Praktik Buruk Selama Pelaksanaan Akreditasi

Praktik buruk tak hanya terjadi sebelum pelaksanaan akreditasi, pelaksanaan akreditasi pun tak lepas dari praktik buruk. Beberapa yang menurut saya termasuk praktik buruk, yaitu:

Pertama, asesor yang menerima gratifikasi. Saya bertanya-tanya, apakah menginap di hotel merupakan fasilitas asesor yang harus kami sediakan? Apakah memberikan oleh-oleh yang begitu banyak adalah sebuah kewajiban bagi sekolah kami? Apa saja yang boleh dan tak boleh diterima oleh asesor? Belum lagi kami juga mengeluarkan uang saku yang tak sedikit untuk asesor. Apakah itu diperbolehkan? Bukankah mereka sudah menerima gaji dari pekerjaannya? Mengapa mereka tidak menolak pemberian dari kami?

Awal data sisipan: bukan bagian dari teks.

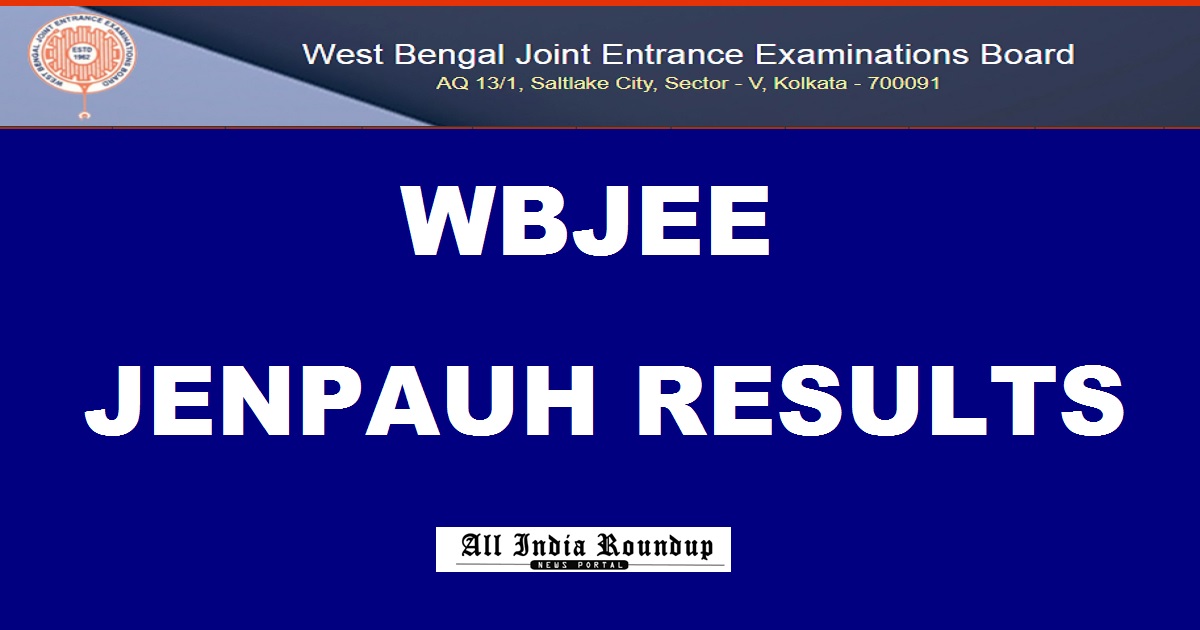 WBJEE JENPAUH Results 2017 @ wbjeeb.in- JENPARH Merit List To Be Declared Today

Berbagai pertanyaan berkutat di kepalaku. Namun, pertanyaan tinggal menjadi pertanyaan saja. Akreditasi baru selesai, berbagai agenda susul menyusul bersiap menguras pemikiran dan tenaga kami lagi.

Jika menerima pemberian berlebihan seperti yang kumaksud adalah sebuah larangan, bukankah mereka telah menghancurkan kredibilitas mereka sendiri? Tapi, peduli setan. Selama tak ada yang tahu mengapa tidak!

Hal ini juga tentu saja tak sepenuhnya salah mereka. Kami yang takut mendapatkan nilai jelek juga turut andil dalam hal ini. Kami ingin nilai bagus tapi tidak mau berkaca dan berupaya dengan jujur. Ya, beginilah busuknya pendidikan kita. Aku bilang kita karena aku yakin banyak sekolah yang melakukan praktik yang sama dengan sekolahku ini.

Kedua, kurangnya kemampuan untuk introspeksi diri. Saat proses akreditasi dilakukan, asesor menemukan banyak kekurangan dalam pengelolaan pendidikan di sekolahku.

Kami dikritik dari berbagai aspek. Bukannya introspeksi diri, yang terjadi justru saling menyalahkan dan berusaha mencari kesalahan orang lain. Akibatnya, bukan solusi yang kami temukan melainkan saling membicarakan kesalahan orang lain.

Waktu kami habis untuk saling menyalahkan dan untuk membela diri sendiri Sebenarnya ada program tahunan untuk mengevaluasi kinerja sekolah yang biasa disebut evaluasi diri sekolah/madrasah. Penekanan dari program itu sebenarnya adalah penilaian kinerja dan pelayanan madrasah untuk memperbaiki kualitas madrasah. Namun, program tersebut tampaknya hanyalah sekadar formalitas belaka. Buktinya program itu hanya mewujud dalam administrasi untuk pelengkap berkas-berkas kepala sekolah saja.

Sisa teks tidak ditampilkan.